What you are asked to do
Could you restate word for word only the lines below from the one holding "Modern Glass of Water with Ice Cubes Modern" to the one holding "Red Indian Pakistani", inclusive, and leave out the pictures?

Provided data
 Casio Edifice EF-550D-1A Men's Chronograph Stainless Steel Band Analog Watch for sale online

---

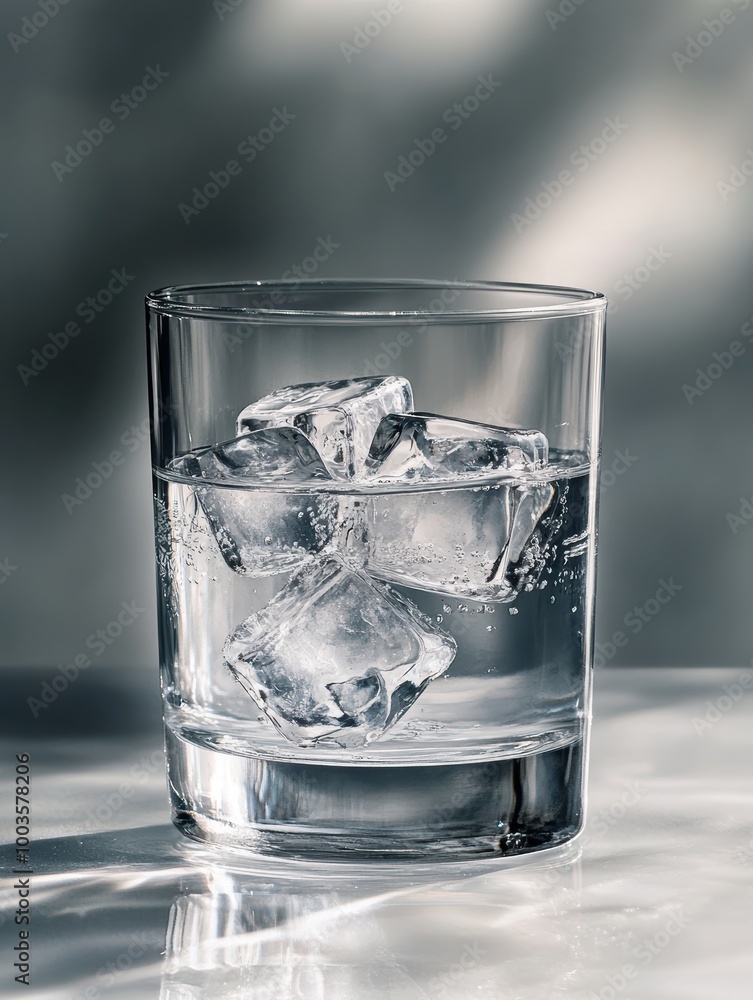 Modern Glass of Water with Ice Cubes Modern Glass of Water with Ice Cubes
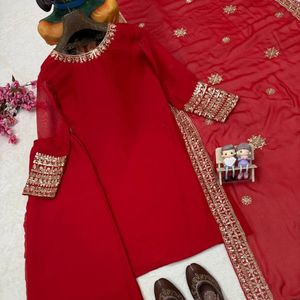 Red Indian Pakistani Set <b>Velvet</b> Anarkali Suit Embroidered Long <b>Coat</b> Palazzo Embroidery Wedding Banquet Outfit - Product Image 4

Written answer
 Modern Glass of Water with Ice Cubes Modern Glass of Water with Ice Cubes
 Red Indian Pakistani Set <b>Velvet</b> Anarkali Suit Embroidered Long <b>Coat</b> Palazzo Embroidery Wedding Banquet Outfit - Product Image 4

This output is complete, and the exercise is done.